When I was thinking about what David was like and after reading a bunch of what was written before and after 1996, I was remembering what it was like to be a fan, and my question was always, “What is it like to be this person who is so awake and alive?” What are they like having their first Pop-Tart in the morning. What are they like when their flight is cancelled? What are they like when checking into the hotel? What are they like when they are meeting new people? Are they going to be awake and alive in the same way that you see in their writing? That was the great thing about doing the book in the way it was done. You don’t have to wonder about what it would have been like to spend time with this person because here you literally are spending that time with the person. That was so gratifying to me as a fan, a reader, and a writer. People were writing me and saying that this was the guy they knew. That made me so happy that I had found a way to preserve the charming and wide awake person that he was.

This might sound like a silly question to end on, but there’s something that has been bothering me since reading the book and seeing the film. Both include an aside where you go to the movies and you see the John Travolta-Christian Slater film Broken Arrow. We see and learn what David thought about it through the book and the film, but all we know about your experience with the film is that you had seen it twice. You never gave your own opinion on it, so what are your honest feelings about Broken Arrow?

David Lipsky: (laughs) Sitting through it twice was a small price to pay to watch David’s reactions to it. (laughs) That’s what I think about it. I’m a fan of that kind of movie, though, and sitting through it twice was a small sacrifice to see his reaction to it. That’s a great question, by the way. It’s still making me laugh just thinking about it all.

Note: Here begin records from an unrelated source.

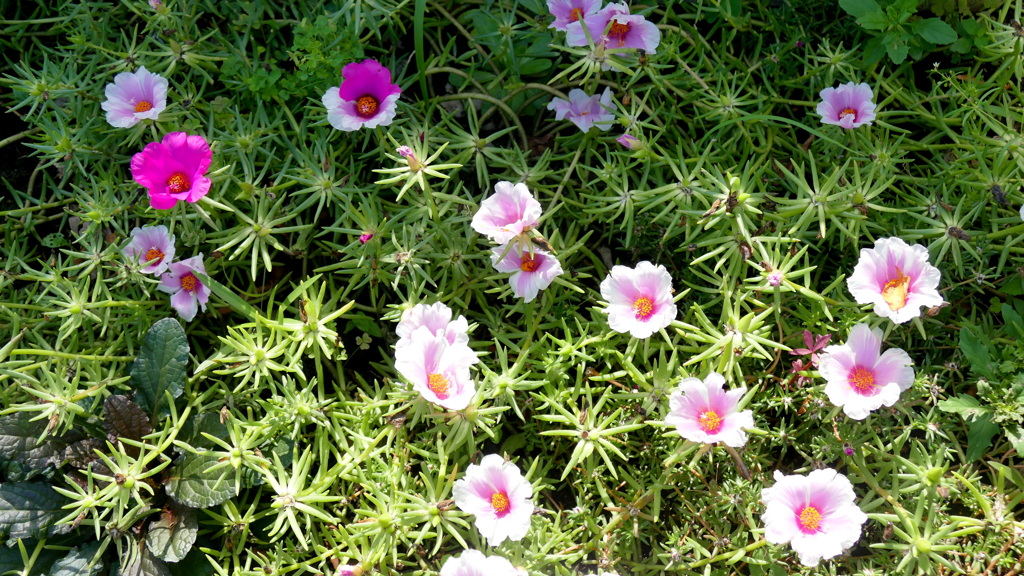 一堂に会するまだ夏姿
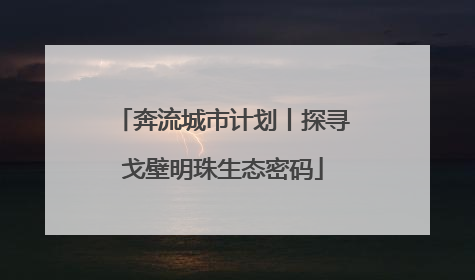 奔流城市计划丨探寻戈壁明珠生态密码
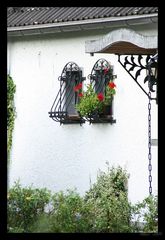 Blumenfenster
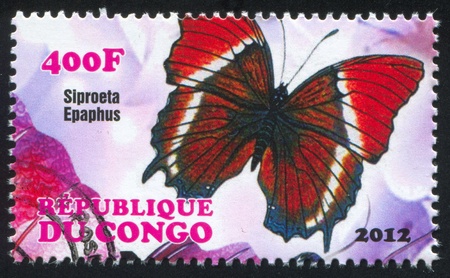 CONGO - CIRCA 2012: stamp printed by Congo, shows butterfly, circa 2012のeditorial素材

I was honestly just watching David when we went to see it together. I’m actually a John Woo fan, but Broken Arrow isn’t my favourite. I love The Killers most of all, and I think Face/Off is in certain ways a better movie than Broken Arrow. But David had always talked about loving movies where things blow up and sitting towards the front of the theatre to watch things blowing up better. What a great thing to watch him watching that movie. Just to watch this person who had written this brilliant novel is a thrill. He even puts it best himself that films like that make him forget that he’s David Foster Wallace, that he has a pimple on his nose, and things to do. To watch him wincing and smiling throughout the film and the explosion scenes was something that couldn’t be replicated. As such, I have such fond feelings for Broken Arrow, and now reliving it with you makes me want to relive those scenes again.

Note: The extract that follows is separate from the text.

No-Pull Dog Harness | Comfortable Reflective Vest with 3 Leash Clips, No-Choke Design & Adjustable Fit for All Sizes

But for people who don’t like John Woo, David gives such a great synopsis of the movie, which is that it’s a film where you get to see John Travolta get hit in the chest with a thermonuclear device and get carried out of the frame. That’s really all you need to know about the film itself. (laughs)

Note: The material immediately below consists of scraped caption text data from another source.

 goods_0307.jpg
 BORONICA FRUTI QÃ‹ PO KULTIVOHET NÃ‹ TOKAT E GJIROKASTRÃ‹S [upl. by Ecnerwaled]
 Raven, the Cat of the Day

And it all goes back to what you were saying before… One of the reasons why people love David’s work so much is because when you’re reading him, he’s expressing what you think like when you’re thinking at your best. When he talks about what he calls his “regular guy-ness,” he’s referring to ways that he feels different from other people, but how he’s always listening to them. For him to have talked about loving those movies and watching him respond for the first time to explosions on screen that he hadn’t seen before was to see that, yeah, you can be alive to the world around you and still be a great writer.

The piece that he won the National Magazine Award for Rolling Stone about the John McCain campaign contained as the last words: “try to stay awake.” That’s how that piece ends and that’s the advice that reading all of his writing gives in some way. If you are awake, life can be boring and repetitive, but it’s thrilling if you stay awake. To get to watch him staying awake through something like Broken Arrow? Fuck no. I would never trade that for anything.